I’ll start with a preamble, I really like David Foster Wallace’s work, and Infinite Jest might just be my all-time favorite book. I love post-modern writing, not everyone’s preferred cup of tea I know, but give me a fragmented non-linear narrative and I will gleefully jump in. So this is almost hand crafted for me, and yet I am forced to admit that I didn’t care for it all that much.
The structure of the book is a collection of non-related short stories, inter-cut by the eponymous short interviews. Almost all the interviews (and most of the short stories) deal with sex. Some of them graphically, be forewarned. The interviewer is female, an academic of some sort, maybe psychology, maybe anthropology, but whatever her field she is never heard from. From the readers point of view all interviews are one sided, we never get to “hear” her questions, only the men’s answers, and are thus forced to try and infer from them what might have been asked.
As the title implies most of these men are indeed terrible (though some of them are probably only “hideous” when viewed through the prism of DFW’s grad student sensibilities), as is their treatment of women. Which I suspect was sort of the point. DFW is known for his dislike of John Updike and in particular the Updike-ian archetype. I.e. male, white, educated, usually middle aged who is obsessed with sex and is at his core a narcissist. The men in brief interviews are how DFW sees Updike’s characters and in extension Updike himself. This book is a moral sermon of sorts, which explains why I didn’t really like it, me personally, I have little patience for proselytizing. But hey, to each his own.

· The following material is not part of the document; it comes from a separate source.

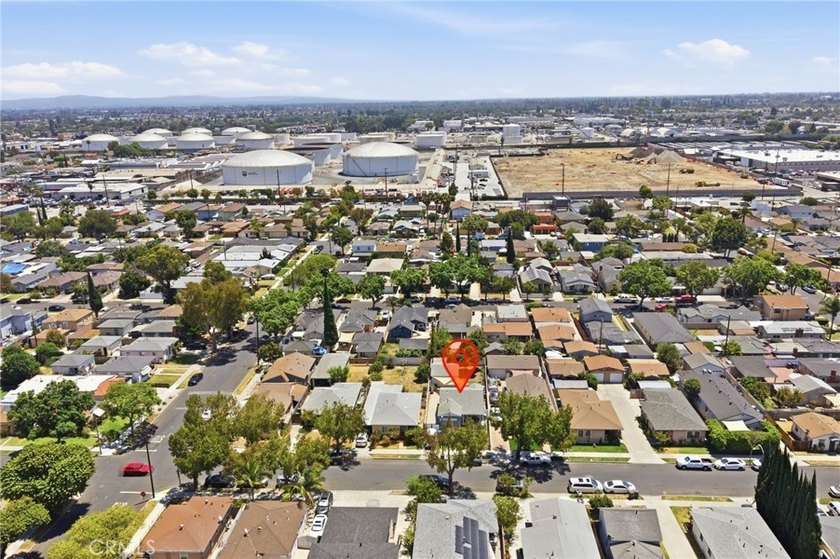 Nestled on a quiet tree lined street in North Long Beach, this - photo 36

That’s not to say the book isn’t good, there are some truly amazing sequences that show case just how truly brilliant DFW was, it’s just a shame the book is so bleak. Infinite Jest for all that it was a ridiculously long and dense book (I could barely get through 30 pages a day), was so much more optimistic, there was hope there, faith even. This book feels nihilistic in comparison.
It’s hard to recommend a book I disliked, on the one hand it is very good (if a bit uneven), some of the prose is mind blowing in both its complexity and at the same time elegant fluidity. But on the other hand don’t expect to finish book in a good mood. I guess if you are a fan of DFW then you have to read this book, but if you are not, then well, maybe this isn’t the right book of his to start with.
P.S.
there is a movie version of the book, it is awful, don’t bother with it.